- _What the task requires_
Only the lines from the one containing "Room 17 of 25" through the final line below belong in the output, copied exactly and without pictures.

- _Image-caption web data_

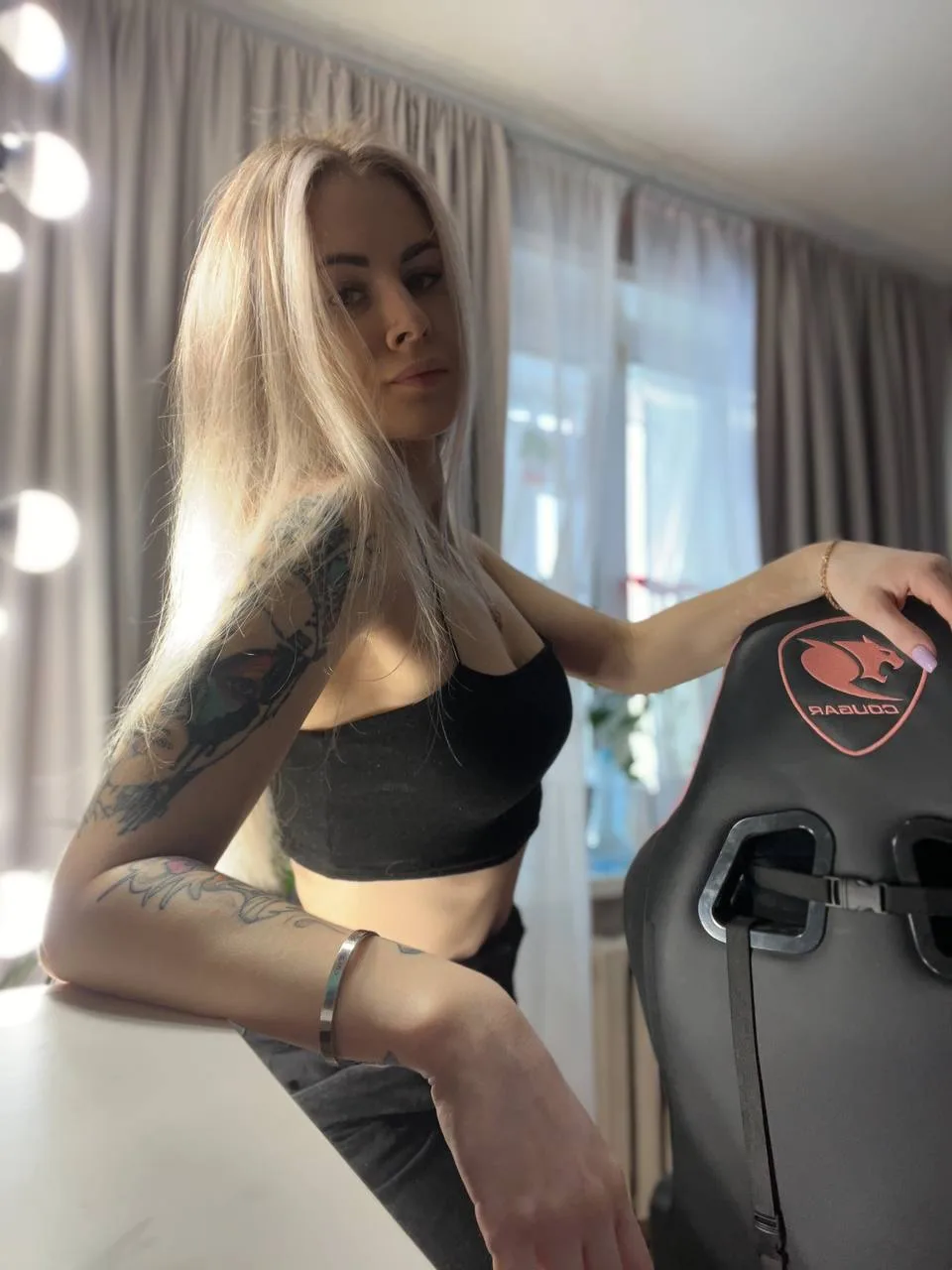 Сочная медсестра урологии фоталась г0лoй прямо в кабинете OnlyFans слив фото 23 Медсёстры 2026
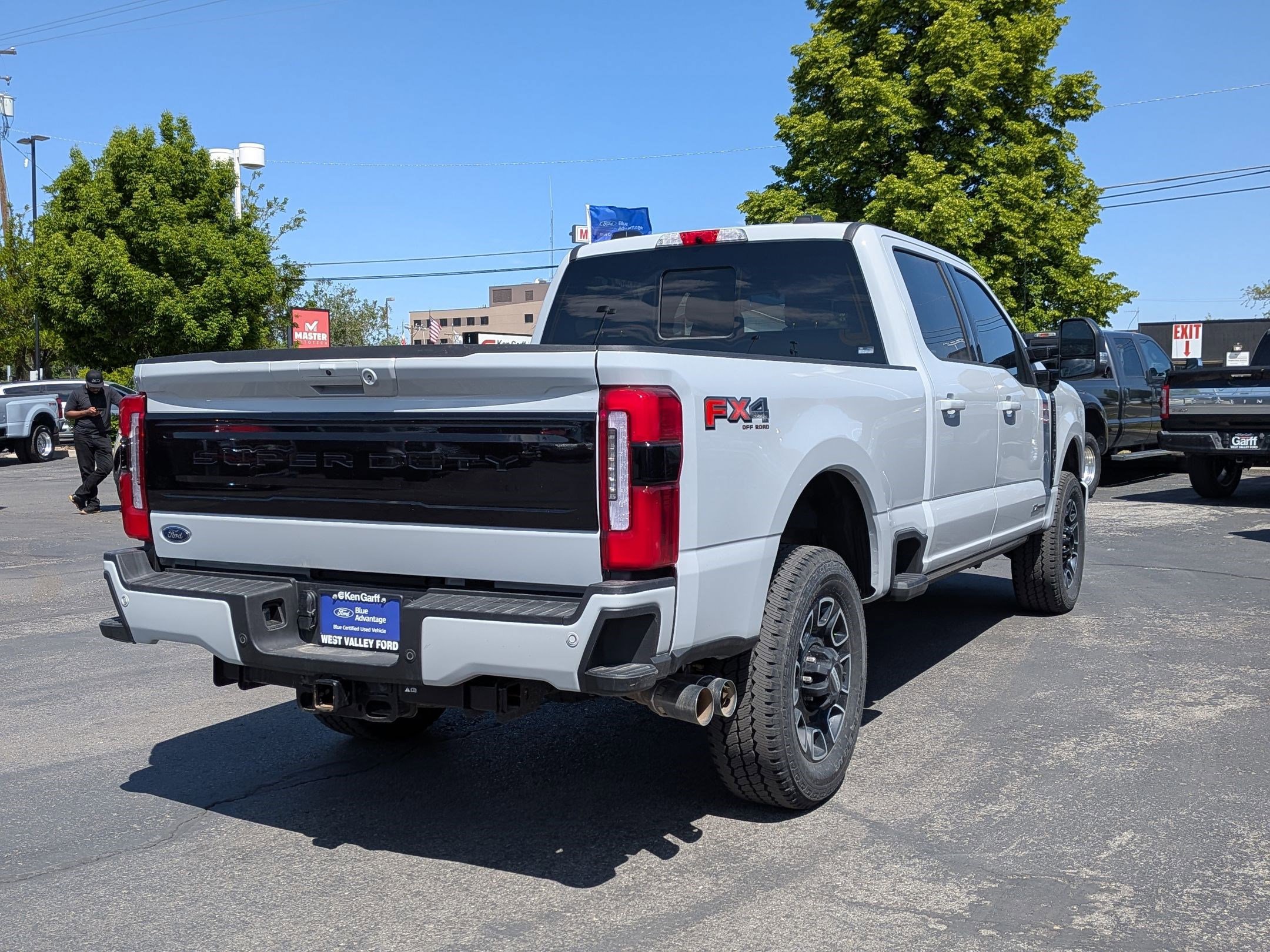 Certified 2026 Ford F350 Platinum AWD/4WD image 3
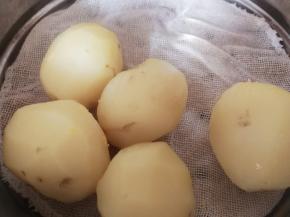 放在蒸锅上蒸熟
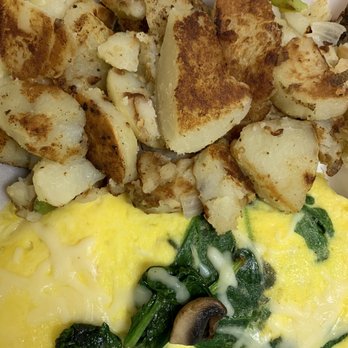 Eppies Restaurant - Diners Near Me - West Sacramento, California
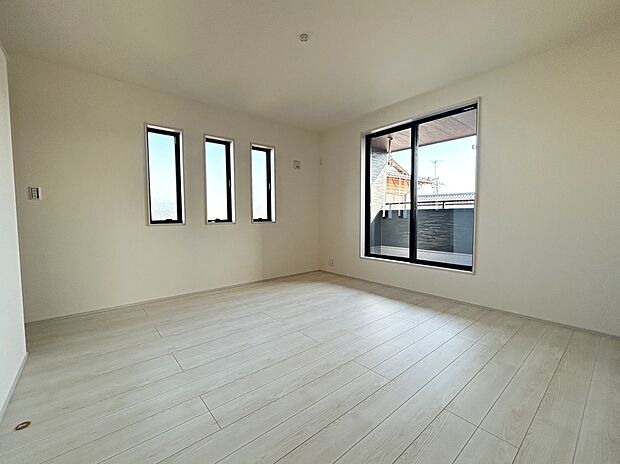 【２階８帖洋室】１号棟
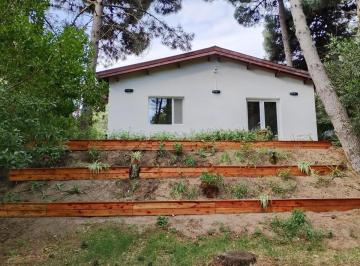 Casa · 90m² · 3 Ambientes · 4 Cocheras · Casa en Venta - 2 Dorm. 1 Baño - Monte Hermoso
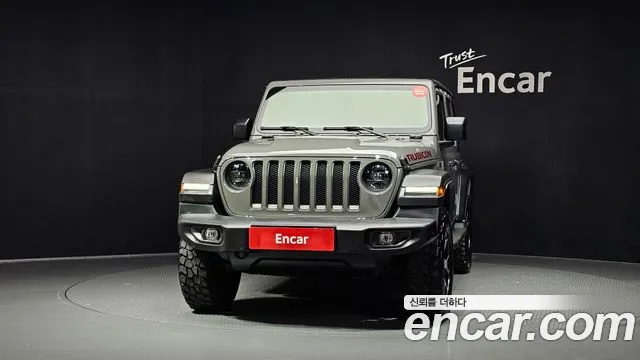 Jeep Wrangler JL — Фото автомобиля 3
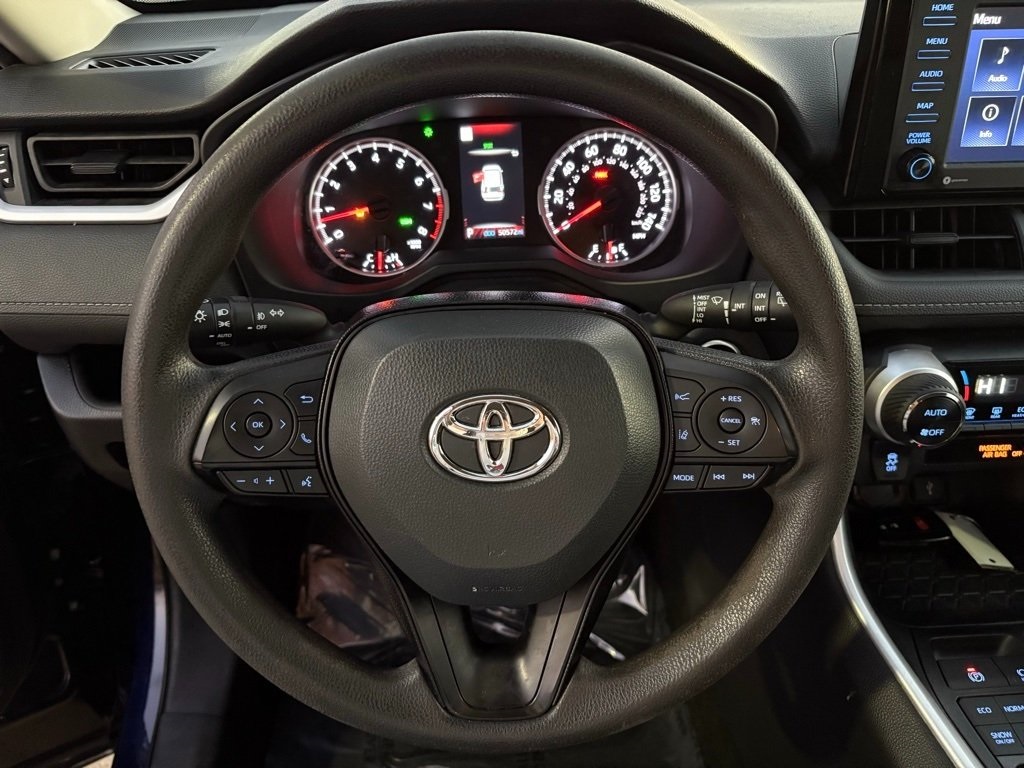 2021 Toyota RAV4 XLE photo 17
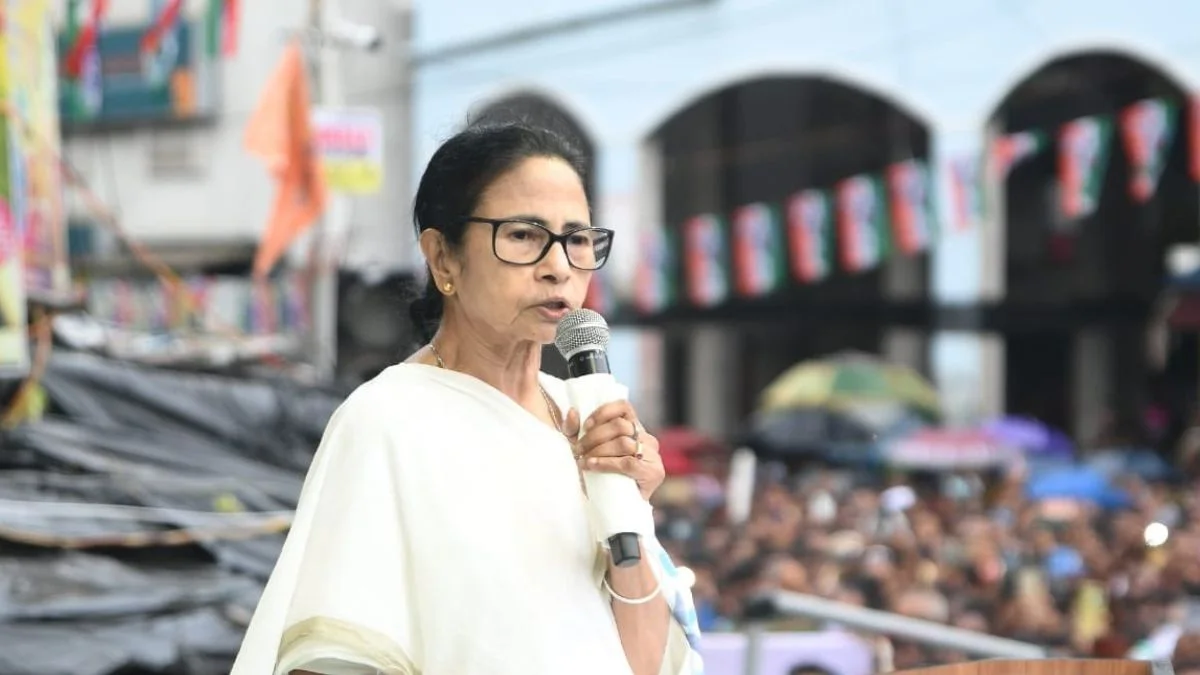 ममता बनर्जी का चुनाव आयोग और भाजपा पर बड़ा हमला: ‘लोकतंत्र बचाने के लिए अब सड़कों पर होगी जंग’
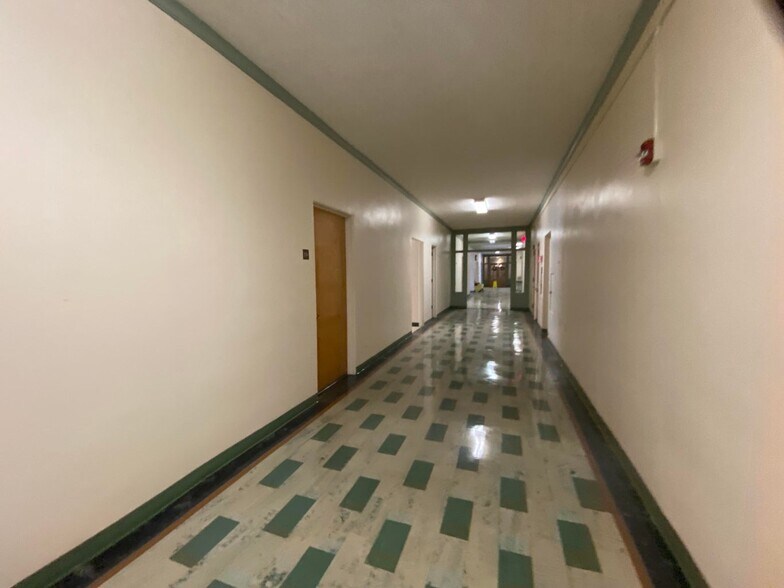 More Photos Of 25 Ewing St, Helena Medical For Sale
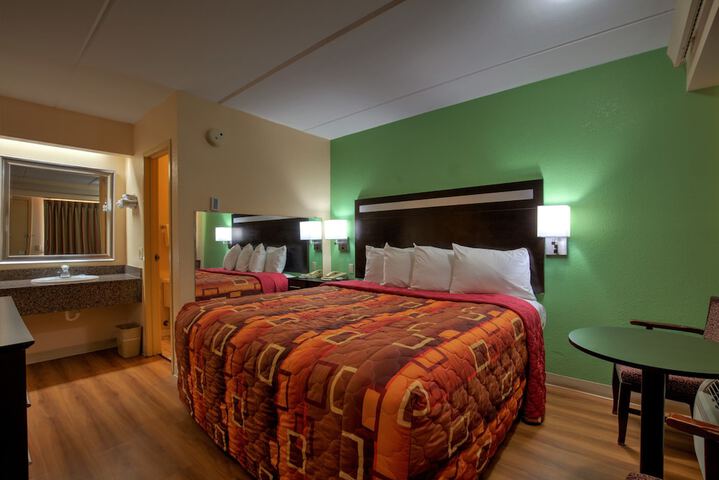 Room 17 of 25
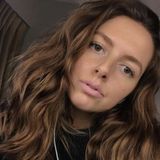 Hi there! My name is Emma, I am a Humber college student and I am currently looking for employment over the Winter Holidays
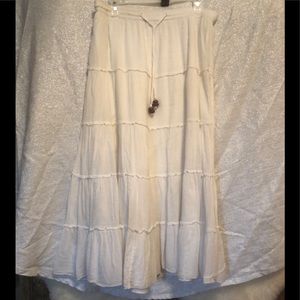 X SOLD X Casual Studio White Skirt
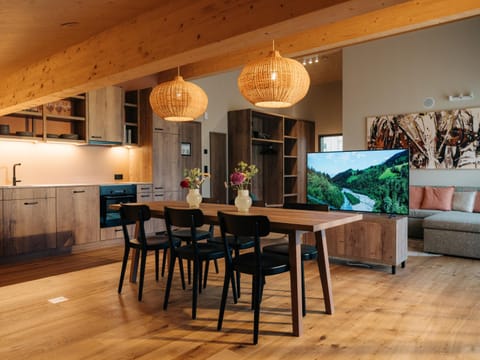 Seating area, Dining area, Food, kitchen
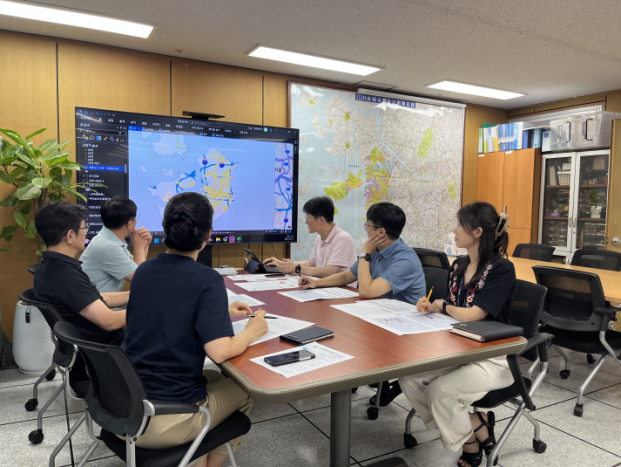 인천시 소속 정책연구팀이 AI 등 새로운 기술을 활용해 시민의 목소리를 365일 24시간 반영할 수 있는 새로운 방법을 연구하고 있다. 인천시 제공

- _Exercise output_
 Room 17 of 25
 Hi there! My name is Emma, I am a Humber college student and I am currently looking for employment over the Winter Holidays
 X SOLD X Casual Studio White Skirt
 Seating area, Dining area, Food, kitchen
 인천시 소속 정책연구팀이 AI 등 새로운 기술을 활용해 시민의 목소리를 365일 24시간 반영할 수 있는 새로운 방법을 연구하고 있다. 인천시 제공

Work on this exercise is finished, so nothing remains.